Building atmosphere via processed pulses of sound and underpinning the work with a gentle layer of sadness, Yatras has created an album of bizarre cohesion. The extreme touches seem entirely at one with the more pop-tinged passages; absolute inhuman cries issued forth halfway through opening track “An Overdose On Cosmic Galaxy” are a world away from the electronic lines spilling over the deep rumbling drumbeat and the soaring choral backing that slides in behind Tim’s lesser used but surprisingly sweet clean vocal. It shouldn’t work, but it’s so magnificently unusual that you are swept away by the unorthodox nature of it all.
Themes of nature and sorrow, the cosmos and the vastness of the universe permeate Wish – huge ideas in the wasteland of life and it’s via the wildly different styles that these emotions are wrought. The sense of deep and profound searching is found on shorter interlude type tracks “Oxygen” and album closer “Wish.” Yet this record is not completely devoid of hope; there’s a curious impression of elation hidden in the uptempo rhythms and plucked synthy strings of “Breathe In The Sulphur/A Light Meteor Shower,” an album highlight if ever there was one.

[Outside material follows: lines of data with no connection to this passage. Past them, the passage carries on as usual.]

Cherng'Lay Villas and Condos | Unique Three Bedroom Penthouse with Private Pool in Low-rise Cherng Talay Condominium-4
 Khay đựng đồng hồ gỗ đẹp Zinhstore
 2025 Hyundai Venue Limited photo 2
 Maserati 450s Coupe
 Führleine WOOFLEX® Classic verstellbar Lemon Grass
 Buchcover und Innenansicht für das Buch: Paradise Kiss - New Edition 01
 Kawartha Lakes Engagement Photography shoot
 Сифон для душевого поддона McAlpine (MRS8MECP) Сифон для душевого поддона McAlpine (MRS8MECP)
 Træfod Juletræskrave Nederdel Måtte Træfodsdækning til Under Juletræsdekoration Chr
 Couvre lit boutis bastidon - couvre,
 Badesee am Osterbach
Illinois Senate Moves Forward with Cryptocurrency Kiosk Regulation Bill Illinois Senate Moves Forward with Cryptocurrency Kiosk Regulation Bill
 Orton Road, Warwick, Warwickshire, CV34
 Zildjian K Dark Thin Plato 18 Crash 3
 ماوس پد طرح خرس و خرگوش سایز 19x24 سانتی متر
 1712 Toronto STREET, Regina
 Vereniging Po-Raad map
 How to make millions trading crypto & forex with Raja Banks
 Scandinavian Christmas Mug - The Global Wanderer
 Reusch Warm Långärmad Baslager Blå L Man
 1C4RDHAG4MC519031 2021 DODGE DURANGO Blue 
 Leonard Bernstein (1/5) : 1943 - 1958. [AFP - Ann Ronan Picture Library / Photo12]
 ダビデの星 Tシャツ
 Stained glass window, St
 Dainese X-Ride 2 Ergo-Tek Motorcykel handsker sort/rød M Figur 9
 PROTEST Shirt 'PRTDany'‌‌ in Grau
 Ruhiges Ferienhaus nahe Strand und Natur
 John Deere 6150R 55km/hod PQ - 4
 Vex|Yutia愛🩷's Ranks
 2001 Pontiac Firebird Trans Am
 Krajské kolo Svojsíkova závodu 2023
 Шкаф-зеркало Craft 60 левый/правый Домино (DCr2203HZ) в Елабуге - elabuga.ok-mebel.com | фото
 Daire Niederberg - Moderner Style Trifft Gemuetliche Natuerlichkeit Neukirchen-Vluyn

“Flowers Bloom and Flowers Fall, But I’m Still Waiting For The Spring” ushers in a mightily sweeping guitar solo to sit alongside those synthesised string sections and vocals dredged from a hell we can never know. Yatras has such a distinctive vocal style, and his usual screams and howls are wonderfully offset by the occasional burst of true singing and trance-filled flows. Playing out via “Wish,” the album closes on a sublimely morose piano led piece. Footsteps echo as they leave the instrument, walking away into the world and disappearing into the surroundings. Captivating.